Eski TKP’li Nabi Yağcı’nın üzülerek söylediği gibi, ulus-devlet’in alternatifi henüz bulunmuş değil.
5.Demokratik Özerklik; Ulus-devletin alternatifi değil tasfiyesi
Bazılarının her suçun kaynağı olarak gördüğü ‘ulus devlet’ tamlaması içinde sıkışmış bir ‘Türk düşmanlığı’ var. Ulus-devlet’in Demokratik Özerklik’e dönüştürülmesi Türk düşmanlarının başarısı olacaktır.
Demokratik Özerklik’le Türkiye Cumhuriyeti, Lozan Anlaşması’yla elde ettiği ülke vatandaşlığı anlayışını entite vatandaşlığına çevirecektir. Bu durum, Bosna’da uygulanan Dayton Modeli’nin Türkiye’ye uyarlanması demektir.
Sevr’de Birinci Dünya Savaşı yenilgisinin ardından tavizler verilmişti. Şimdi barış görüntüsü ve hukuk oyunlarıyla teslim alınıyoruz. Türkiye Cumhuriyeti; Demokratik Özerklik taviziyle Sevr ötesi Daytonlaşmayı onaylamaktansa, başka alternatifleri düşünmelidir.
6.Hatime: Kürt Realitesi’nin yükselmesi Türk Realitesi’nin evrensel hamlesini engelleyemiyor
Kürt Realitesi’nin hem toplumsal hem siyasal boyutta geliştiğini görüyoruz.
Ve fakat tarih kazananları hep kazandırmaz.

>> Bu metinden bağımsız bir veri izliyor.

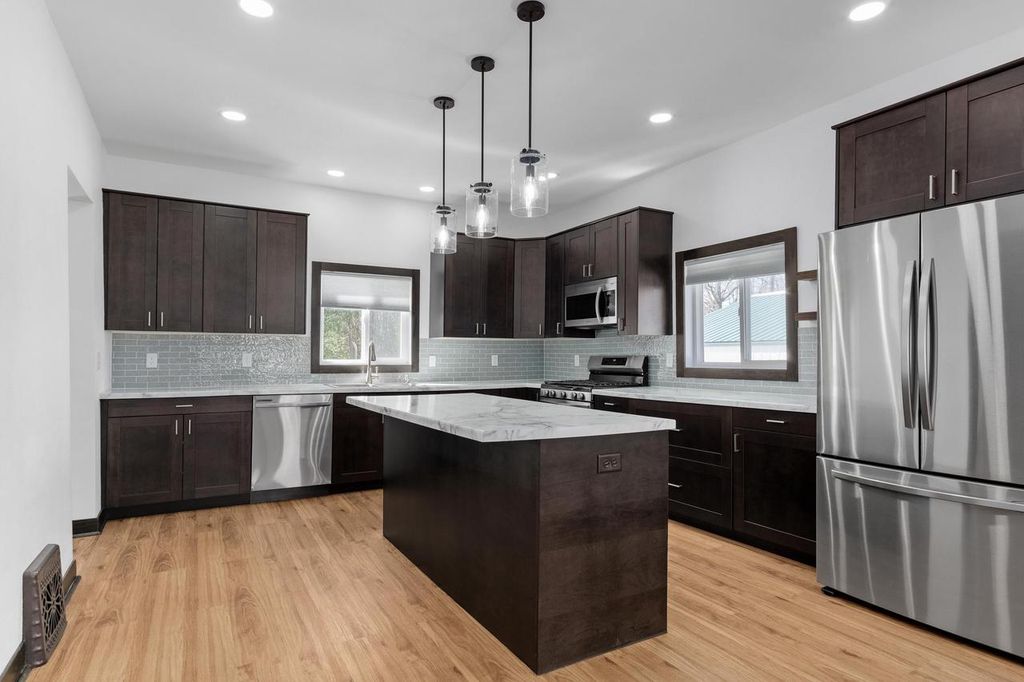 648 E Main Street, Reedsburg, WI 53959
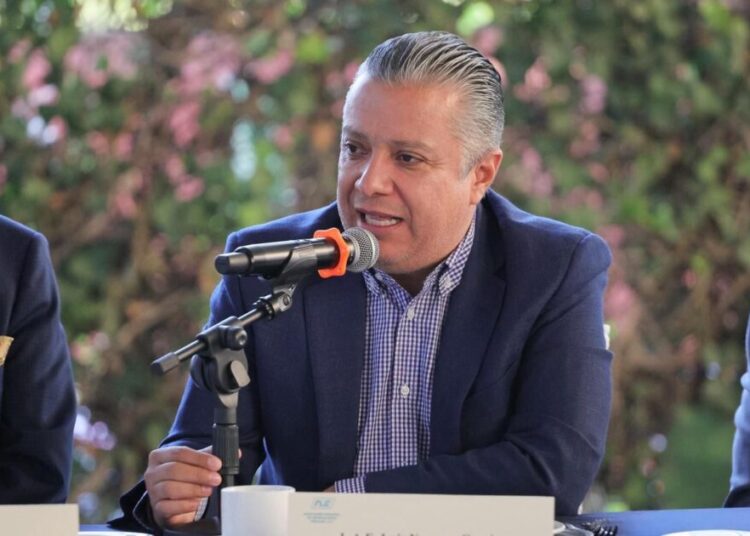 UMSNH cuenta con presupuesto histórico por parte del Gobierno de Michoacán: Luis Navarro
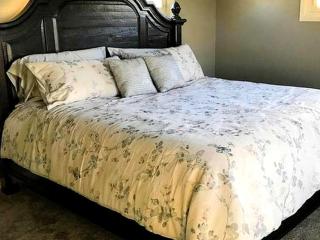 Lovely Cottage Rental Overlooking the River in Iowa Falls for a Getway near Waterloo, Iowa - 8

Ortadoğu’nun çoklu sorunları Kuzey Irak Kürt Yönetimi’ni Türkiye ile ittifak yapar hale getirmiştir. Suriye üzerinden etnik dalgaya paralel bir mezhep dalgası Ortadoğu’ya yayılıyor.
İlginçtir etnik odaklı Kürt, mezhep odaklı şii veya vehhabi yönelişleri evrensel Türk Realitesi’ni engelleyemiyor.
Günübirlik heyecanlarla değil, bin yılların birikimine göre kararlar almalıyız. Bin düşünüp bir konuşmamız gerekiyor. Olumsuzlukların varlığı bizi umutsuzluğa düşürmemeli… Türkiye büyük bir ülke… Yerli aydın inisiyatifleri oluşturdukça, hiçbir olumsuzluk Türk Milleti’nin geleceğini karartamaz…
Emperyalistlerin tasarımı olan Büyük Kürdistan’a adım adım gidildiğini görüyoruz… Bu büyük bir sorundur. Ancak bu inşa, Türkiye’yi ve Türk Dünyası’nı nihai manada tehdit edebilecek bir sorun değil… Çünkü Türklük, Avrupa içlerinden Çin Denizi’ne uzanan bir büyük coğrafya…
Türkiye dünyanın 16. ekonomisi, 14. kültür ekonomisi, 6. futbol pazarı… 200 üniversitemizi, genç nüfusumuzu, girişimciliğimizi ‘kendimiz kalarak değişim’ denklemi içinde güncelleyerek geleceğimizi inşa edeceğiz. Büyük Kürdistan’ın kurulması bile Türkiye’yi ve Türk Dünyası’nı etkileye-me-yecektir.
Bizimle birlikte geleceğini inşa etmek istemeyenlere, “Yüce Allah akıbetinizi hayreylesin” duasını etmekten başka elimizden bir şey gelmiyor.